§ Your task
Examine the entries and show every line in which the word "Neck" is found.
(Data shown begins)
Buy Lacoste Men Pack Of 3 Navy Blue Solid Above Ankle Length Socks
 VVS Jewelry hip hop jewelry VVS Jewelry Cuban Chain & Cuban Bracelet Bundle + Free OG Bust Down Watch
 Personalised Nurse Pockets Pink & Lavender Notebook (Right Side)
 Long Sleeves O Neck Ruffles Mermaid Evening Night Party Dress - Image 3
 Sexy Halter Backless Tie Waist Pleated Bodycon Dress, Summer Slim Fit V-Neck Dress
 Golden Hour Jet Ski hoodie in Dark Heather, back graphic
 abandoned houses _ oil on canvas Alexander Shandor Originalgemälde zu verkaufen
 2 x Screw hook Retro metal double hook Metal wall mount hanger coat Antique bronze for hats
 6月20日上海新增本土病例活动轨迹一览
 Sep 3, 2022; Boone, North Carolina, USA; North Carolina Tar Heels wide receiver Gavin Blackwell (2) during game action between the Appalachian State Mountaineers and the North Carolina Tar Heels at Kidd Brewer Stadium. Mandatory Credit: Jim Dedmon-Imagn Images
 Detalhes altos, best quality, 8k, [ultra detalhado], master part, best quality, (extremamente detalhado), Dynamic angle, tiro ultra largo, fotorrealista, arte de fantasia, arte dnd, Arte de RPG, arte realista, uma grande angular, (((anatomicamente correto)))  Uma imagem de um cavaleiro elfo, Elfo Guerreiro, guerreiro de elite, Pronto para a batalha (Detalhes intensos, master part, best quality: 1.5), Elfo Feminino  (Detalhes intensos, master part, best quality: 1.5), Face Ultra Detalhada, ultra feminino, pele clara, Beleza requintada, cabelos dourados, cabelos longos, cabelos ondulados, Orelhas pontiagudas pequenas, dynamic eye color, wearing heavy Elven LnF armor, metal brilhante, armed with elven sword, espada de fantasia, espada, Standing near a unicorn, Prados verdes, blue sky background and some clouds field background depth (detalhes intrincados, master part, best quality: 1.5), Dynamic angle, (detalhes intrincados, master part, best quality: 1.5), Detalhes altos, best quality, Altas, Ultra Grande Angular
(Data shown ends)
§ Response below
 Long Sleeves O Neck Ruffles Mermaid Evening Night Party Dress - Image 3
 Sexy Halter Backless Tie Waist Pleated Bodycon Dress, Summer Slim Fit V-Neck Dress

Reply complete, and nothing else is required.